IV. Ecosmomics: Independent, UniVersal, Complex Network Systems and a Genetic Code-Script Source

2. The Innate Affinity of Genomes, Proteomes and Language

Nelson-Sathi, Shijulal, et al. Networks Uncover Hidden Lexical Borrowing in Indo-European Language Evolution. Proceedings of the Royal Society B. Vol. 278/Iss. 1713, 2011. Heinrich Heine University, Ulm University, and University of Auckland linguists including William Martin and Russell Gray find that genomes and languages evolve with a parallel correspondence. This paper makes the case by way of similar network phylogenies found to apply in both instances.
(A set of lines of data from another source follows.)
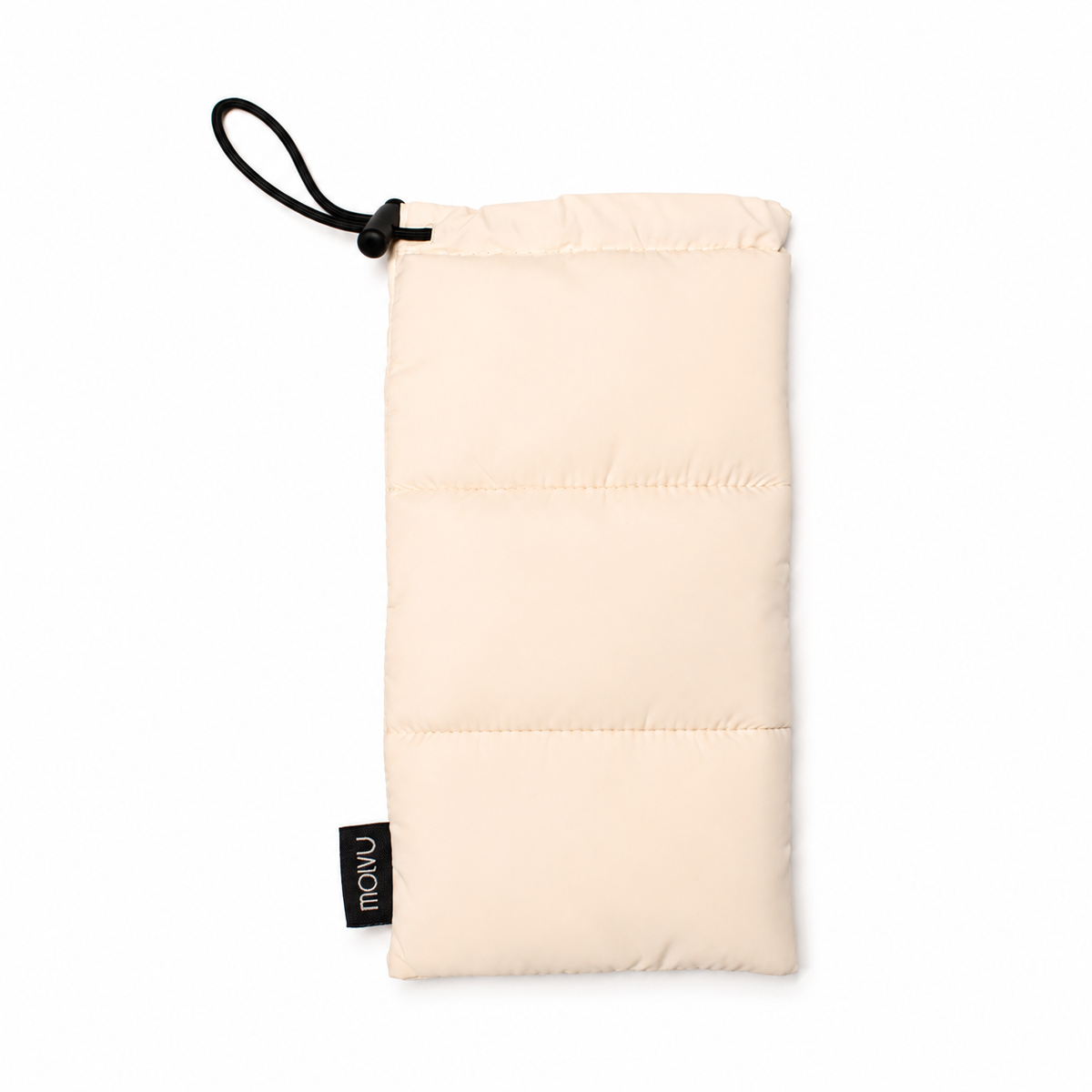 Estuche para Lentes Pouch Puff | BEIGE-7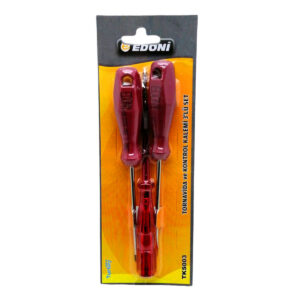 3  PARÇA  SET TORNAVİDA YILDIZ - DÜZ - KONTROL KALEMİ (5286)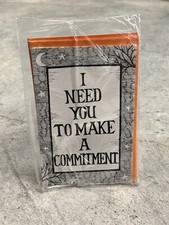 American Greetings Halloween Vintage Greeting Cards 3 Pack Romantic Relationship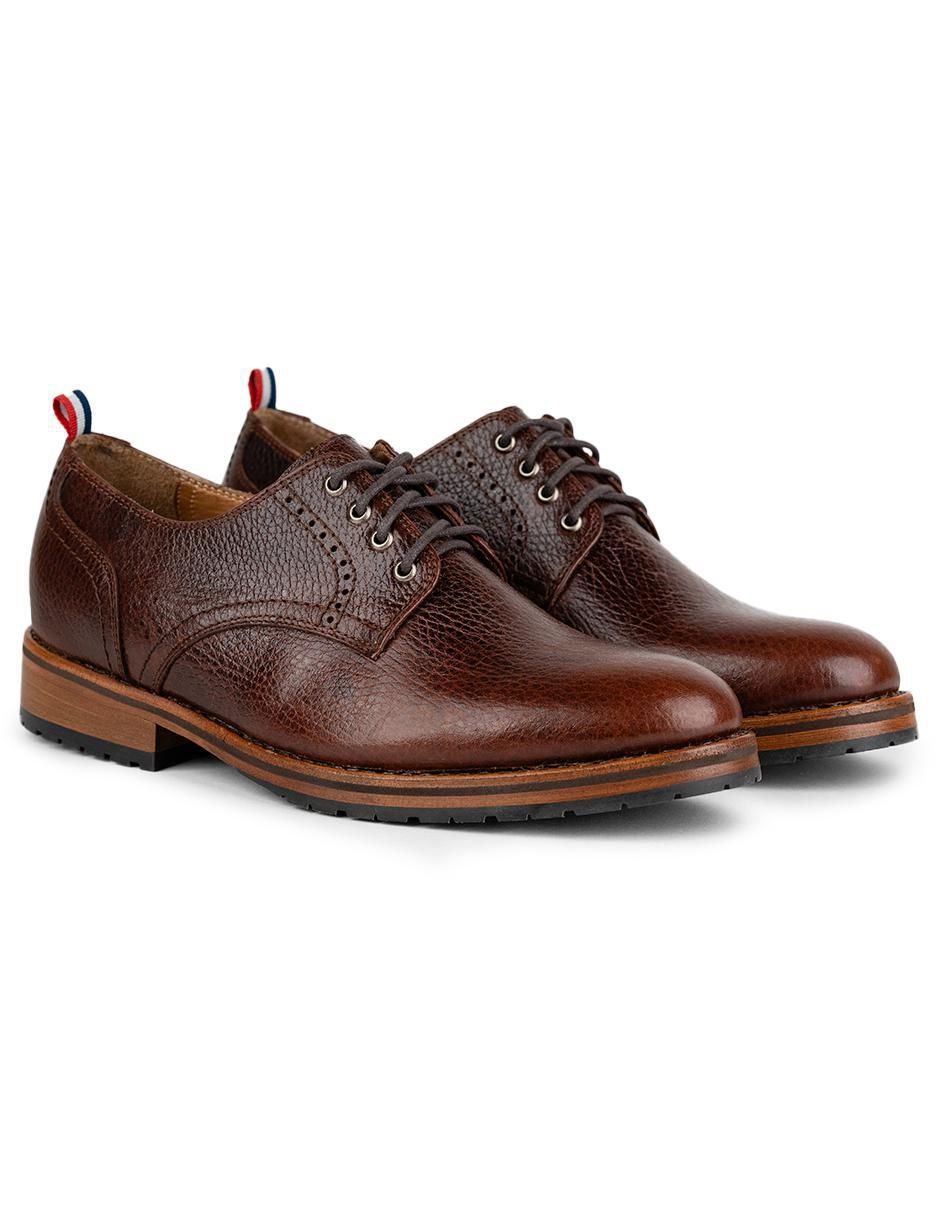 Zapato Derby Mateo para hombre 5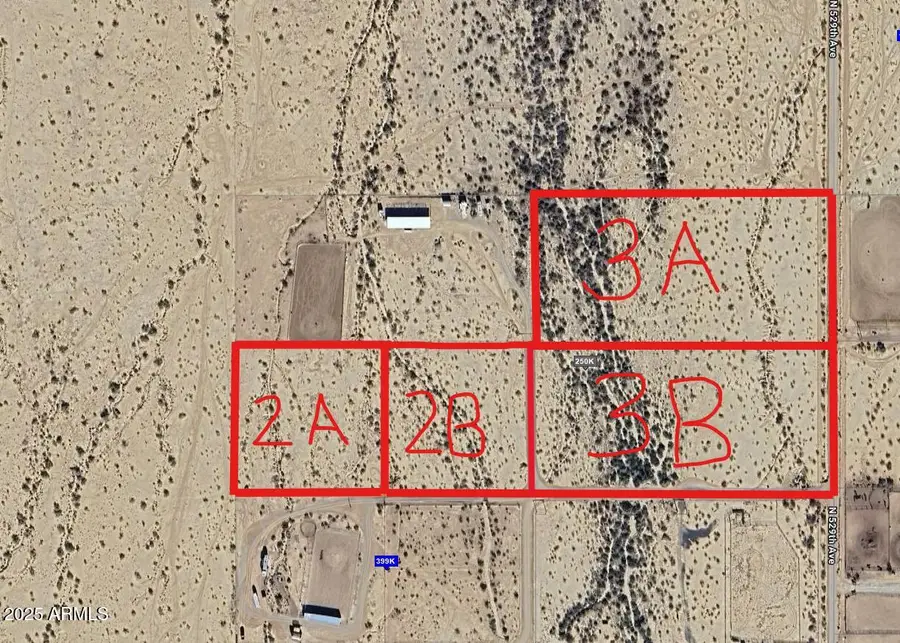 00XX N 529th Ave Parcel 2a --, Aguila, AZ 85320 - #2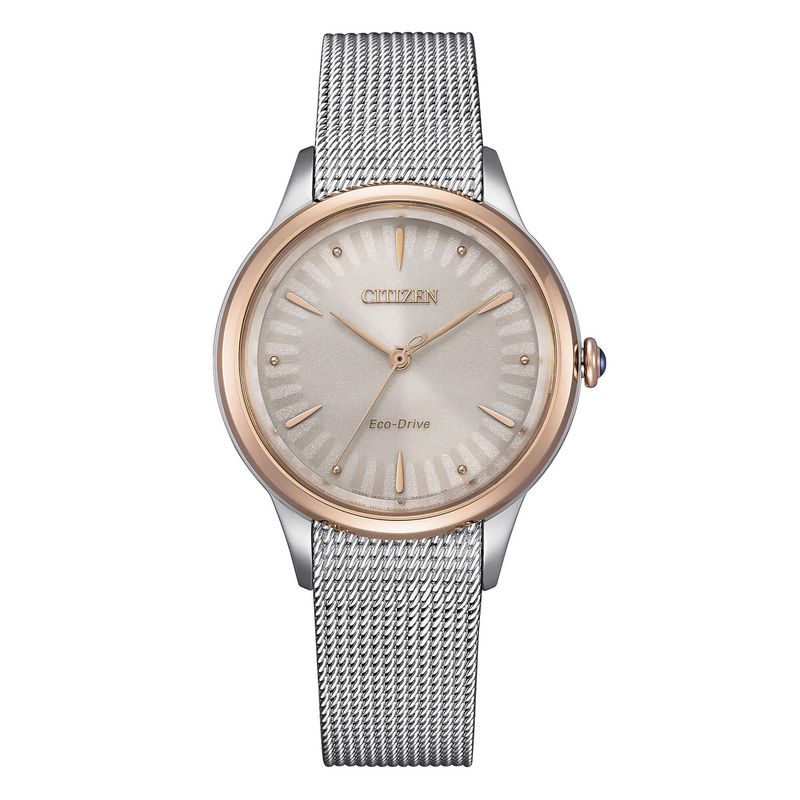 CITIZEN ECO DRIVE OROLOGIO EM1156-80X PER DONNA CITIZEN ECO DRIVE OROLOGIO EM1156-80X PER DONNA
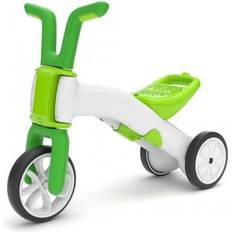 Chillafish Ride-On Toys Chillafish Bunzi Gradual Balance Bike And Tricycle In Lime Lime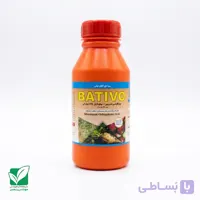 قارچکش Bativo (تری فلوکسی استروبین + تبوکونازول) 250 سی‌سی پرنیان اطلس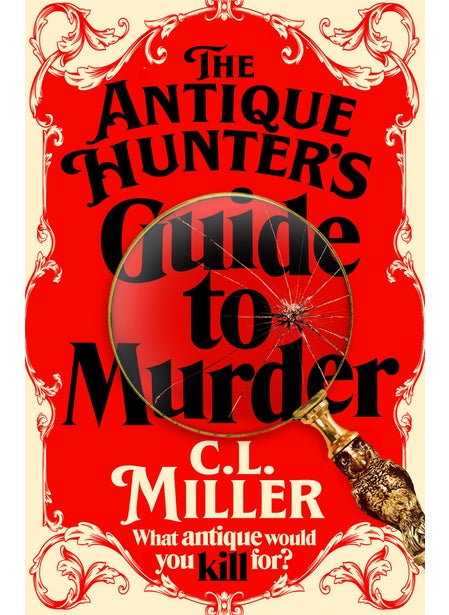 اشتري Antique Hunter's Guide to Murder في الامارات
Genome evolution and language evolution have a lot in common. Both processes entail evolving elements—genes or words—that are inherited from ancestors to their descendants. The parallels between biological and linguistic evolution were evident both to Charles Darwin, who briefly addressed the topic of language evolution in The Origin of Species, and to the linguist August Schleicher, who in an open letter to Ernst Haeckel discussed the similarities between language classification and species evolution. Computational methods that are currently used to reconstruct genome phylogenies can also be used to reconstruct evolutionary trees of languages. However, approaches to language phylogeny that are based on bifurcating trees recover vertical inheritance only, neglecting the horizontal component of language evolution (borrowing). Horizontal interactions during language evolution can range from the exchange of just a few words to deep interference. (1794)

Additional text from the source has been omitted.